In this case, striking proved unnecessary at first. In a faculty committee meeting that included student leaders, held two weeks later, the faculty voted to allow unlimited cuts for juniors and seniors. The proposal was to go before a full faculty meeting on Jan. 10. However, at that faculty meeting, no action was taken to implement the unlimited cuts plan. The next afternoon, the student council met. Despite the YCSC president’s reluctance to strike throughout the ordeal — considering it a “last resort” — the council voted to stage a boycott of classes on the first day of the spring semester. “That last resort has been reached,” remarked the president. It was only under threat of this strike that another faculty meeting was called for Jan. 22, at which the unlimited cuts policy was finally officially approved.

Although unlimited cuts were finally implemented, calls for student involvement in policy decisions — particularly in the form of a University Senate — did not die down.
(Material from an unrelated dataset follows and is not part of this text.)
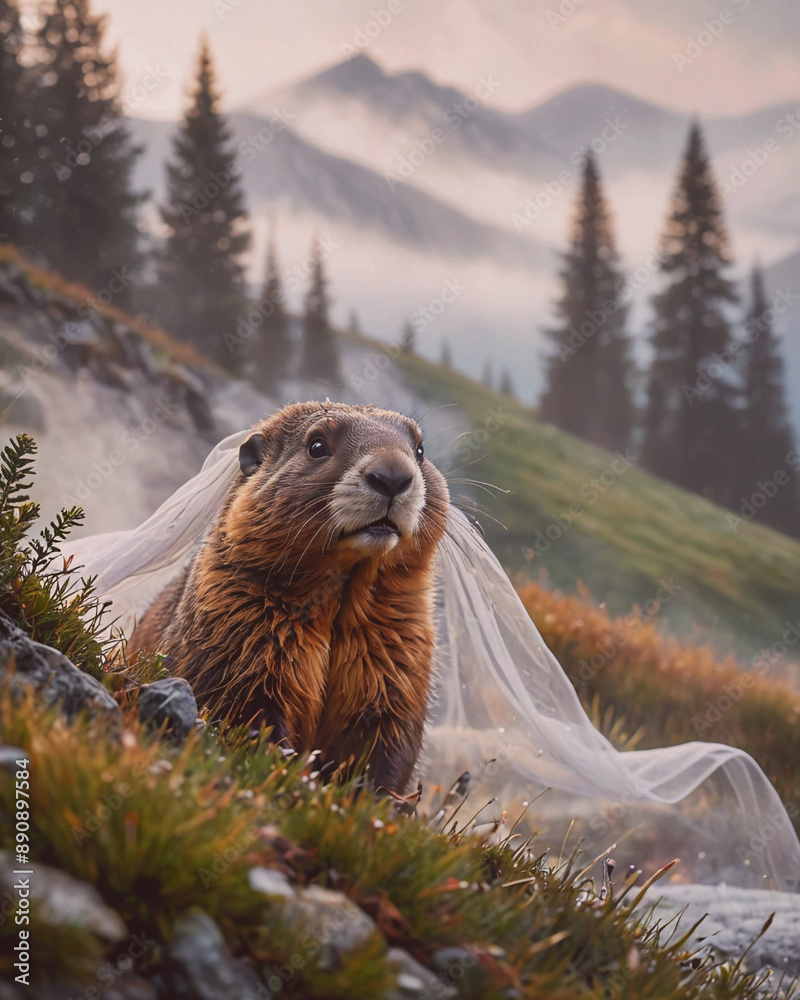 Wall mural Alpine Marmot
At the end of the year, a joint committee of faculty, administrators and students was announced to discuss the future of the unlimited cuts policy, as well as other academic matters. However, in a meeting one week later, YCSC rejected a proposal for such a “Senate” to only serve in an advisory capacity and demanded that students have a voice in a real policy-making body.

As the 1968 school year began, there was no Senate in place. Newspaper editorials attest to student fury at this delay. It was perceived by the students as standard procedure for the administration to form ad-hoc committees and string students along until issues died down. Students again began discussing recent boycotts at other colleges as a possible solution for themselves.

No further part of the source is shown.